** EXERCISE INPUT **

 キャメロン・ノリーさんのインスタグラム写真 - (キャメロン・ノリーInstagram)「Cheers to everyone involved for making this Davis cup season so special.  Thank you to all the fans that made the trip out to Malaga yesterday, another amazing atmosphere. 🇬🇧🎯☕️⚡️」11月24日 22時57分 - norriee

---

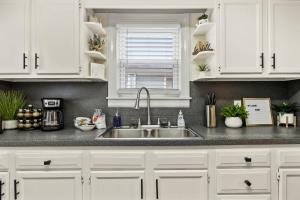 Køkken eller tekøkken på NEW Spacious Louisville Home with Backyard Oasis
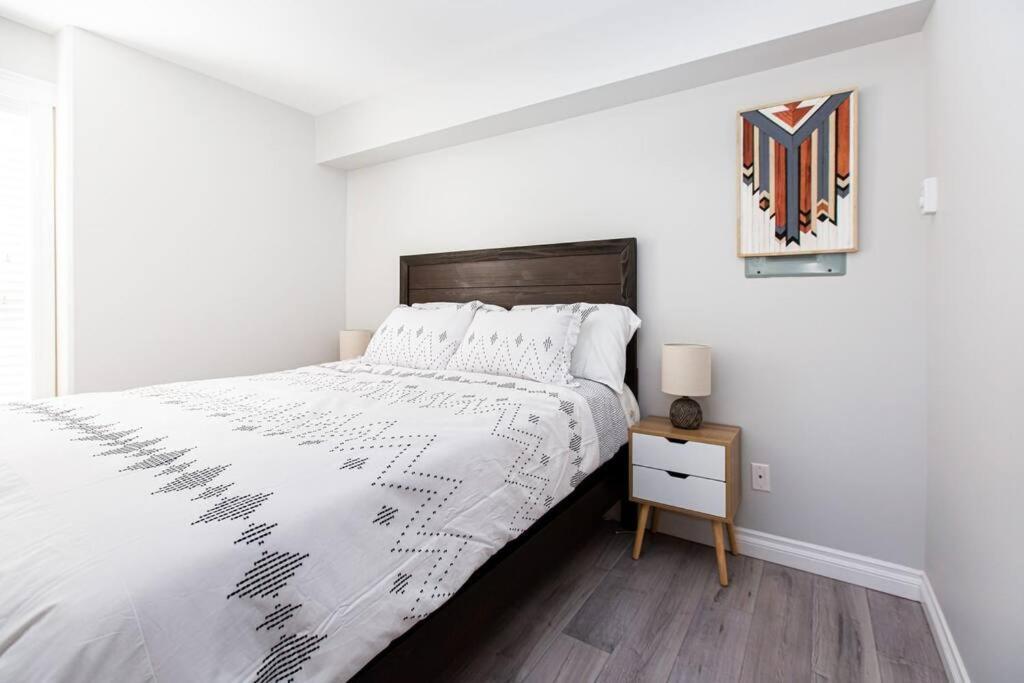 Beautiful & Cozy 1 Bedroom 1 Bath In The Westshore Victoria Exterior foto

---

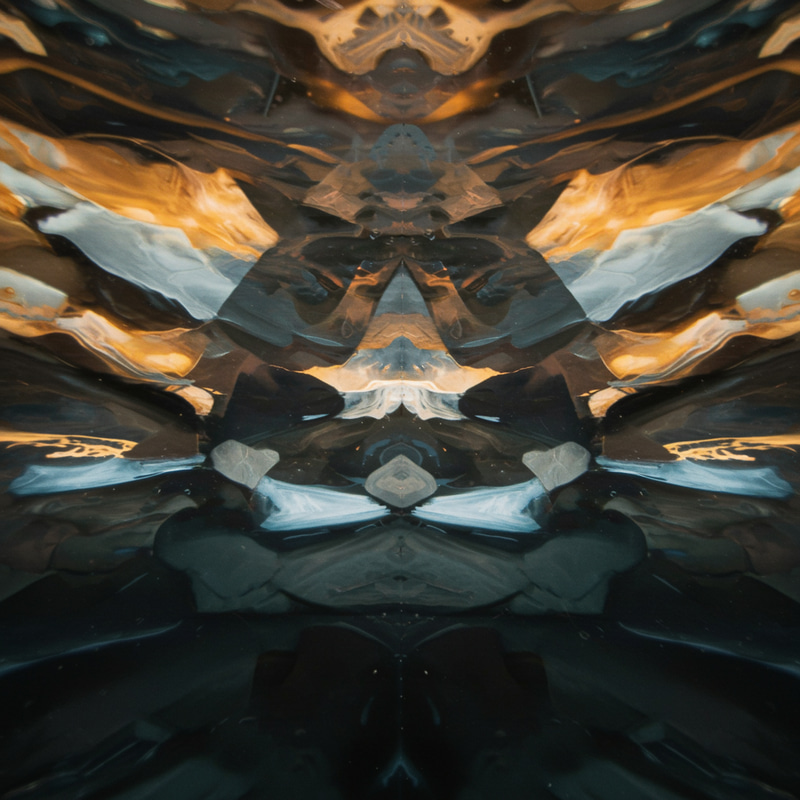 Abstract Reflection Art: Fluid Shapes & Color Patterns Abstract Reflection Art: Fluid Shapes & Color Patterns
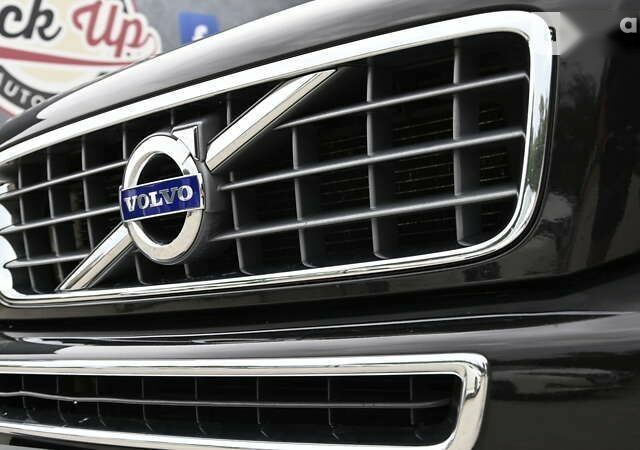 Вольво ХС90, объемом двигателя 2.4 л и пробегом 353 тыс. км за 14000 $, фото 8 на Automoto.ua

** THE TASK **
In the entries above, find the line with "Abstract Reflection Art: Fluid Shapes & Color Patterns Abstract" and the line with "Вольво ХС90, объемом". Write out exactly those two lines and every line between them, pictures excluded.

** ANSWER SPACE **
 Abstract Reflection Art: Fluid Shapes & Color Patterns Abstract Reflection Art: Fluid Shapes & Color Patterns
 Вольво ХС90, объемом двигателя 2.4 л и пробегом 353 тыс. км за 14000 $, фото 8 на Automoto.ua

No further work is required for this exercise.